At the beginning of this year, Codegram was going through an expansion phase, and an upcoming and very exciting change was the creation of an in-house Design Team. For me, as senior Front-End Developer, this was the perfect opportunity to step up and propose to join this potential new team as a UX Engineer. Luckily for me, I was granted that option.
I’ve always been captivated by UIs, design systems, well-crafted interactions that don’t lose focus on the technical aspects, such as performance or accessibility, and I loved the idea of being involved in the early stages of different projects, taking on a cross-functional role that helps both design and engineering teams to improve their communication.
But what exactly do UXEs do?
As a Front-End Developer, I’m already covering accessibility, performance interaction and eye-candy tasks. So what’s the difference? How different is it from the work I’m doing right now as developer?
As I already mentioned, UXE is a cross-functional role, so an overlap with the front-end and design roles is unavoidable, but at the same time, my role as a developer was starting to require more meetings, prototyping and review tasks than usual, and I was concerned about my productivity.
Three months later, that has changed a bit: now I’m more aware that being productive is not only about coding and deliveries, and that doing some research and planning things ahead is well-invested time.
Taking that into account, I would like to share my early conclusions about what exactly an UXE does:
A User Experience Engineer is a seasoned developer with design sensibility that is interested in the user’s perspective on the application.
As such, my current tasks and responsibilities are:
- Improve overall communication between design and engineering teams
- Promote the usability and accessibility value across the project
- Assess the technical feasibility of the design implementation
- Be present during the initial stages of the project such as prototyping, user testing and style guide definitions
- Build understandable style guides and component libraries
- Document everything to improve communication between teams
- Stay on top of all user feedback across projects to keep improving their experience.
What skills do I need?
This is the trickiest question for which I’ve had to find an answer, since the qualifications for this role will really depend on the company product and goals.
To provide an overview, I would recommend having excellent front-end engineering skills with a twist of user experience and design fundamentals.

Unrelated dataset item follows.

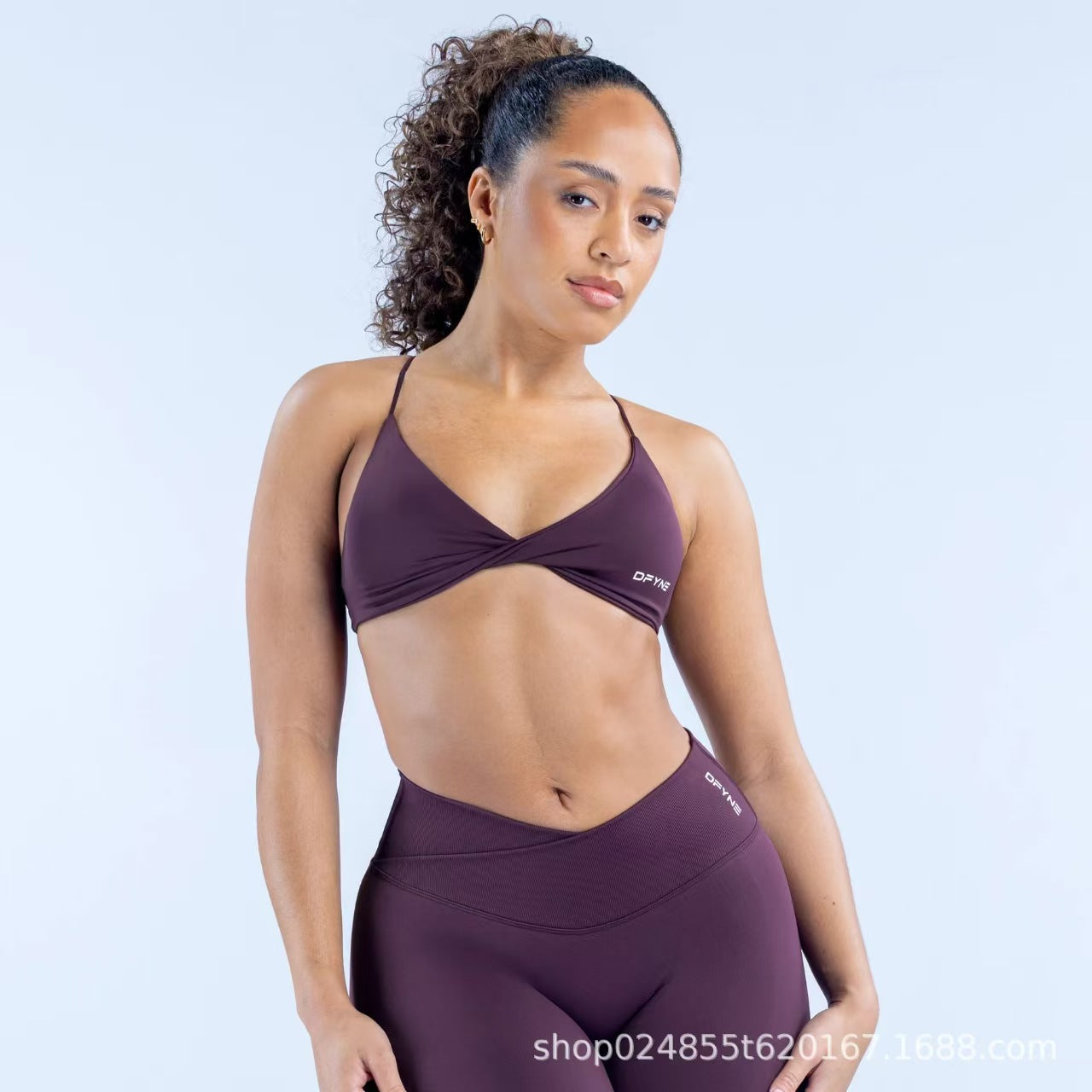 Custom Women’s High-Waisted V-Waist Seamless Biker Shorts – Private Label Yoga & Gym Activewear OEM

That can be translated to:
- Solid engineering fundamentals
- Being familiar with design principles
- Being conformable working with your design teamtoolkit
- Staying current with front-end and UIX trends and best practices
- Being able to solve accessibility and interactionproblems at different stages of the project
- Being comfortable creating technical and design documentation for both teams
- Being empathic, as you must be able to put on the different user’s shoes to build a great product
In this short period of time as a UXE, I realized that design sensitivity and programming experience may not be enough to become an expert UX Engineer. Therefore, this has pushed me to pursue this career path and to keep diving into new fields: design fundamentals, accessibility, interaction, and more.